"Meski naik tipis dari periode yang sama tahun sebelumnya yang hanya sebesar 63,07 persen, namun pencapaian tersebut sangat jauh dari ekspektasi kami sebesar 75 persen. Kami dan pengelola hotel lainnya harus membuat strategi untuk tetap dapat bertahan saat masa suram sekarang," tutur Ketua PHRI Yogyakarta, Istidjab M Danunagoro kepada Kompas.com, Senin (2/2/2015).
Moratorium, kata Istidjab, juga belum efektif, karena pasokan hotel di Yogyakarta sudah terlalu banyak. Di pusat kota saja terdapat 36 hotel baru yang sedang dibangun. Belum lagi 41 proyek lainnya menunggu giliran untuk dibangun. Pengembang proyek-proyek tersebut sudah mengantongi izin mendirikan bangunan (IMB).
"Sementara 27 proyek lainnya belum mendapatkan IMB. Banyaknya hotel tersebut membuat tarif rerata harian (average daily rate atau ADR) juga tak bisa tumbuh signifikan. Bahkan ada kecenderungan menurun. Contohnya, ADR hotel bintang tiga yang rerata hanya Rp 400.000 per malam, hotel bintang 4 sekitar Rp 500.000, dan hotel bintang lima sekitar Rp 700.000 per malam," ungkap Istidjab.

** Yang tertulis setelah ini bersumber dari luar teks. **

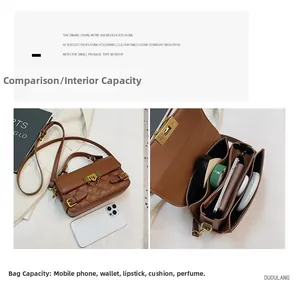 Detail der braunen gesteppten Lederhandtasche mit drei Innenfächern und Metallverschluss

Kondisi semakin parah, tambah dia, saat low season seperti Februari hingga April ini. Menurut Istidjab, jika sedang sepi tamu, tak jarang pengelola hotel menurunkan tarif atau menggelar promosi dengan harga khusus.
"Bahkan "perang tarif" sering terjadi. Terlebih kegiatan MICE (meeting, incentives, concention, exhibition) sedang sepi, tak ada tanda-tanda aktivitas, seiring pelarangan berkegiatan di hotel untuk instansi pemerintah," imbuh Istidjab.
Dia memperkirakan, bisnis hotel di Yogyakarta sepanjang tahun ini masuk masa-masa suram. Terlebih pada tahun-tahun mendatang saat 77 hotel baru seluruhnya beroperasi.